====== Given information ======

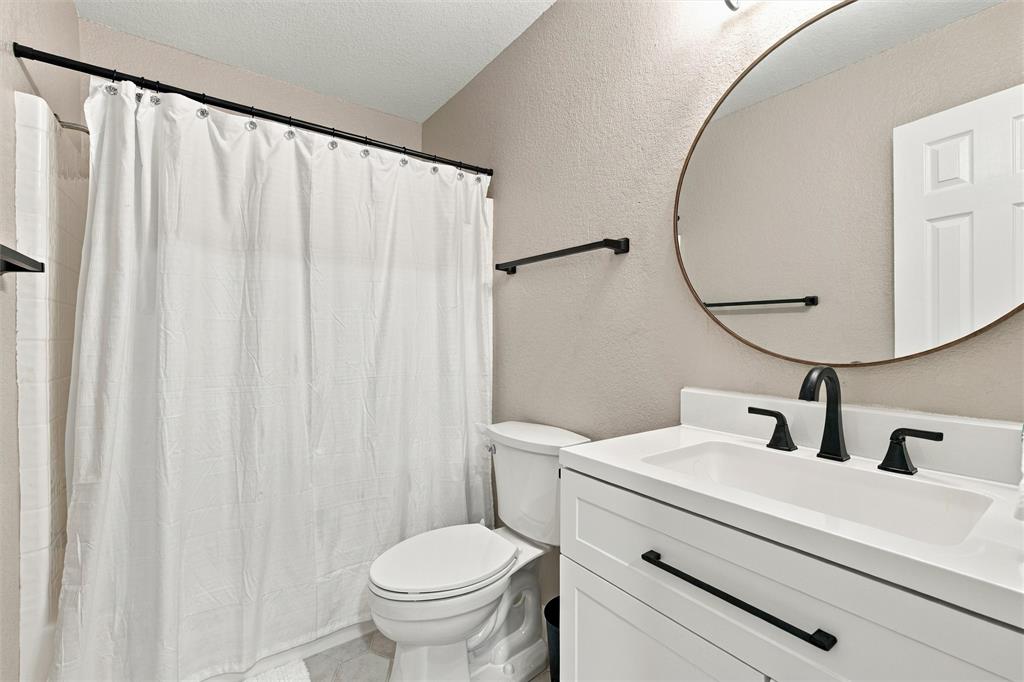 Bathroom featuring a white vanity with matte black hardware, integrated sink, oval wall-mounted mirror, and a combination tub and shower with matte black fixtures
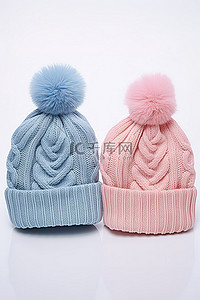 两顶帽子背景图片_两顶带有蓝色和粉色绒球的针织无檐便帽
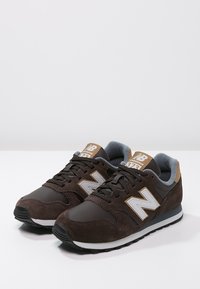 Baskets en daim marron avec des accents gris, un logo blanc et une languette rembourrée. Elles présentent une semelle en caoutchouc noire et un design à lacets.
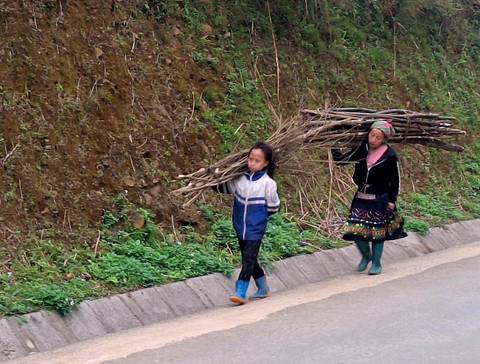      Local woman and child carry bundles of sticks along a rural mountain road.
  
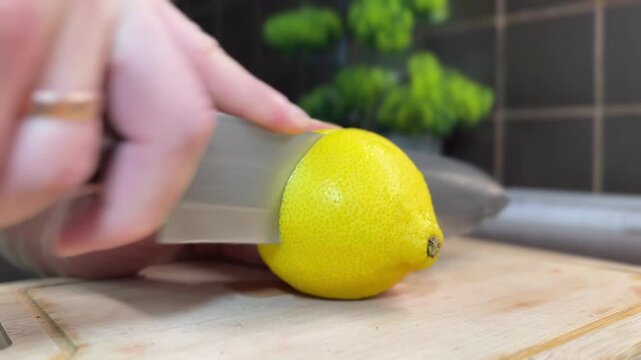 Close-up of slicing a fresh, ripe lemon with a large knife on a wooden cutting board at home. Juicy lemon preparation in a cozy kitchen environment.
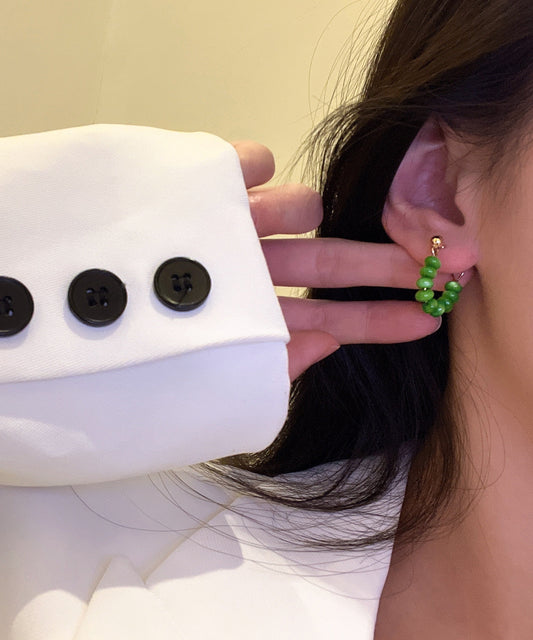 Elegantes pendientes de aro con piedra de ojo de gato dorada en plata de ley verde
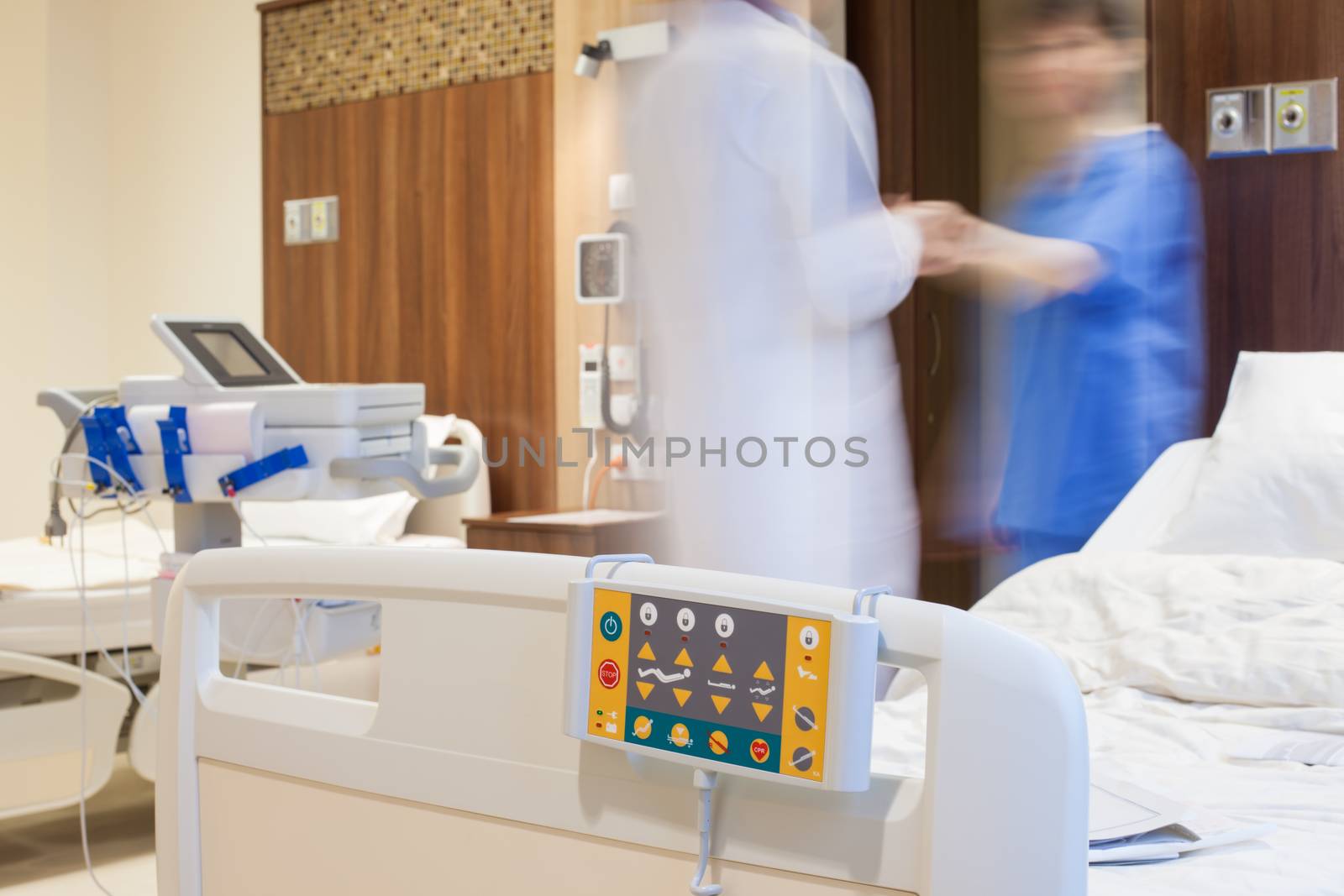 Blurred figures of doctor and a patient in modern hospital room.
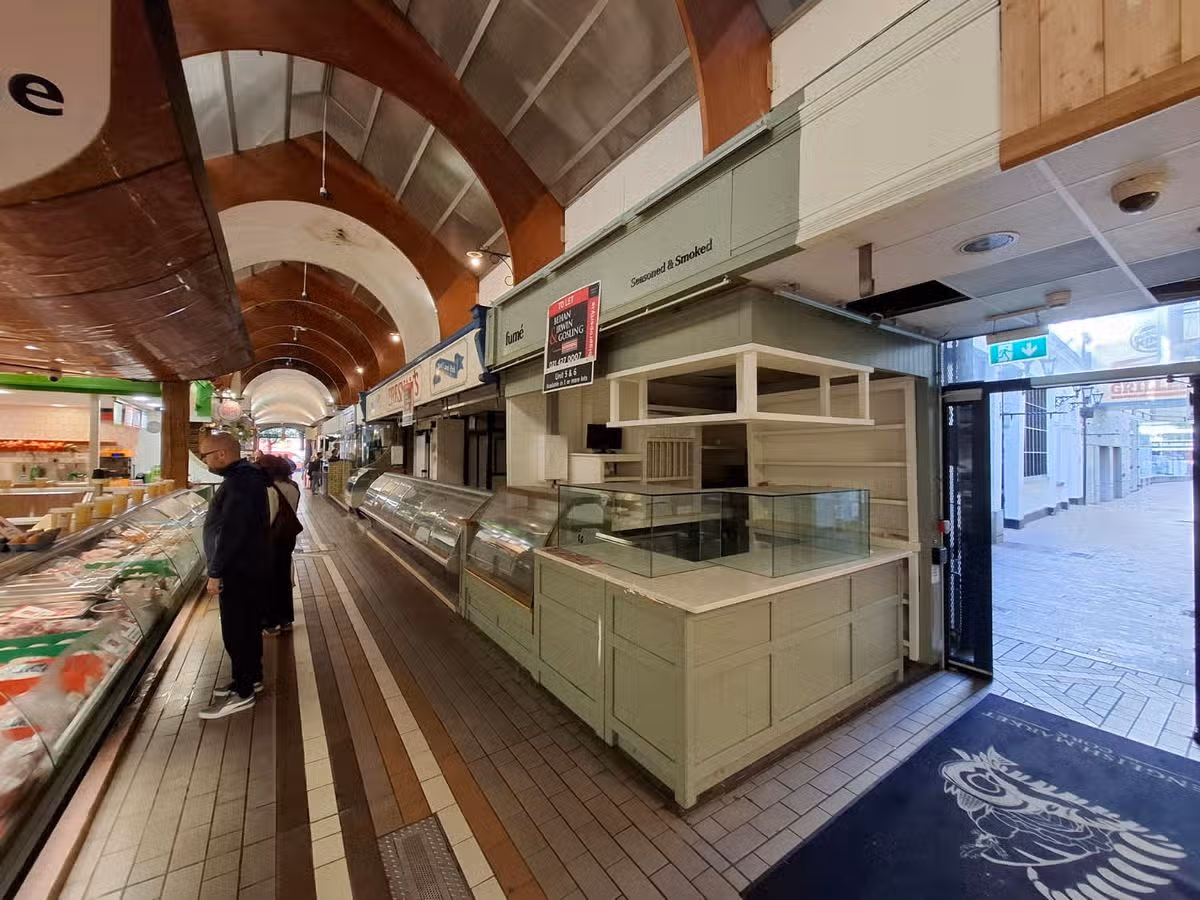 Empty stalls in the English Market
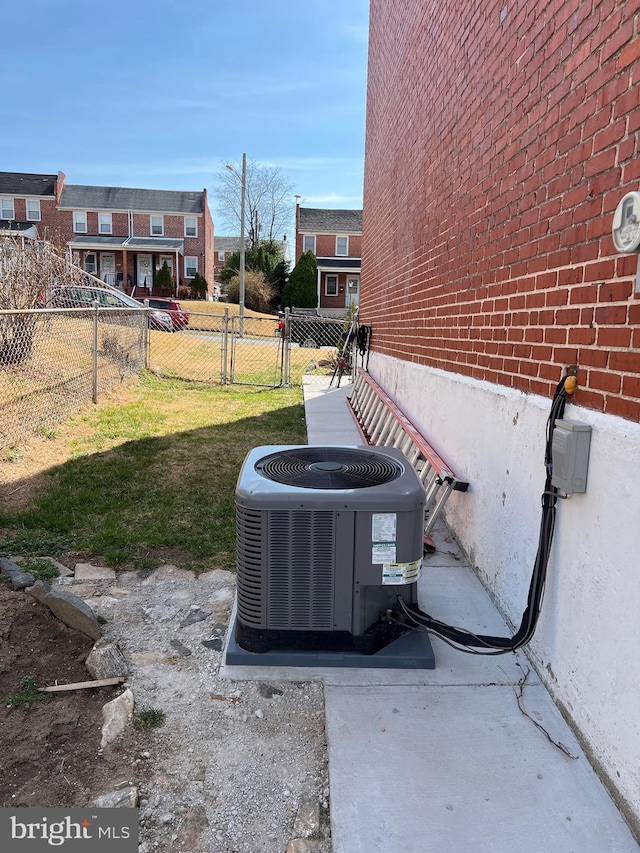 exterior details with a gate, brick siding, central AC unit, and fence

======

▸ **Assigned task**
Both the line containing "Empty stalls in the English Market" and the last line of the listing above belong in the copy, along with every line between them; retype them exactly and omit the pictures.

▸ **Answer below**
 Empty stalls in the English Market
 exterior details with a gate, brick siding, central AC unit, and fence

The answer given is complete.